Like many working-class socialists, Blackburn ILPer Johnnie Duxbury left only a faint footprint on the historical record. Yet his life of brave activism and everyday kindness ‘enriches our understanding of socialist commitment’, argues ROGER SMALLEY.

The whereabouts of the records of the Blackburn branch of the Independent Labour Party are unknown. Without them it is difficult to write a comprehensive history of that organisation, yet some account of its work, and the contribution Johnnie Duxbury made to it, is possible by using a variety of other sources.

Although some aspects of what follows are speculative, based on evidence that is still circumstantial, others can be corroborated from newspaper articles, artefacts and the oral tradition preserved by Johnnie’s family. A life recovered in this contingent way also throws light on the local fortunes of the ILP at a critical moment in its history, when the zenith of its influence was followed by its rapid collapse.

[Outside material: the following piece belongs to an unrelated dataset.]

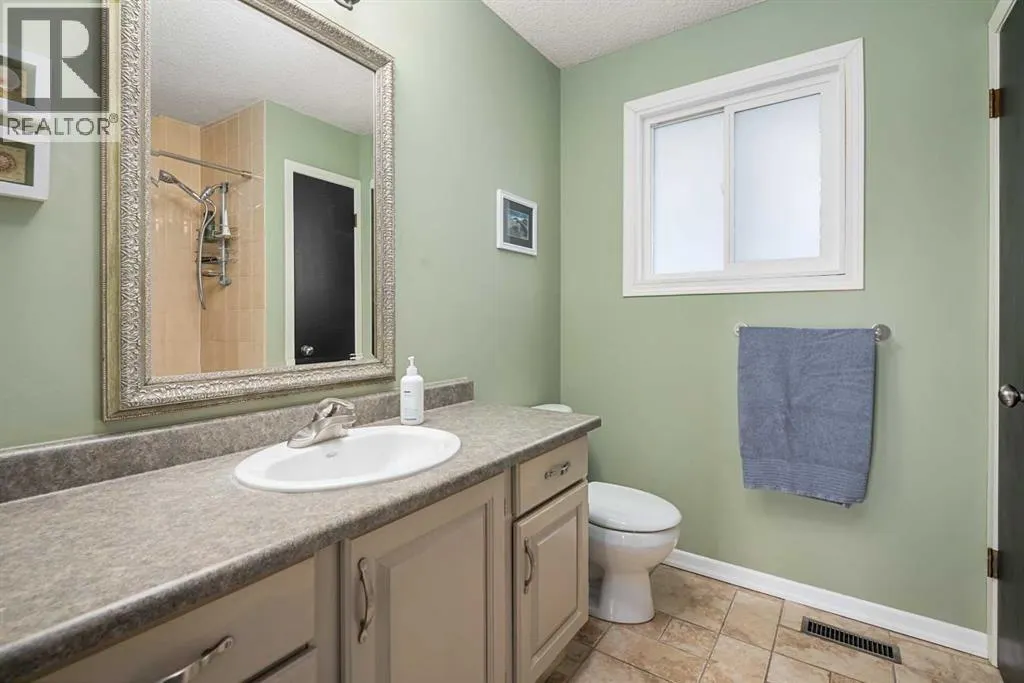 19 Deermoss Place SE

Until the 1880s, the Liberal Party posed as the champions of the working class, and a handful of working men, mainly miners, sat in the House of Commons. They were known as Lib-Lab members because they spoke on behalf of their constituents on industrial matters, but otherwise took the Liberal whip.

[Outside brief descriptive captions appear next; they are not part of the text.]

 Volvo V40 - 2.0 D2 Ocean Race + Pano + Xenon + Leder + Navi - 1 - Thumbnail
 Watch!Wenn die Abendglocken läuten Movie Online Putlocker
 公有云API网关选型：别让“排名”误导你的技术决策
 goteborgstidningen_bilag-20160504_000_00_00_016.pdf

By that decade, however, the brutality associated with unbridled capitalism was coming under closer scrutiny, and the demands for social reform led to the formation of the Social Democratic Federation (SDF) and the Fabian Society in 1884.1 The SDF was Marxist and accepted that revolution was necessary to free the working class from oppression by rich and powerful elites. The Fabians preferred a gradual reform of society on more equitable lines through infiltration of local government and relentless pamphleteering.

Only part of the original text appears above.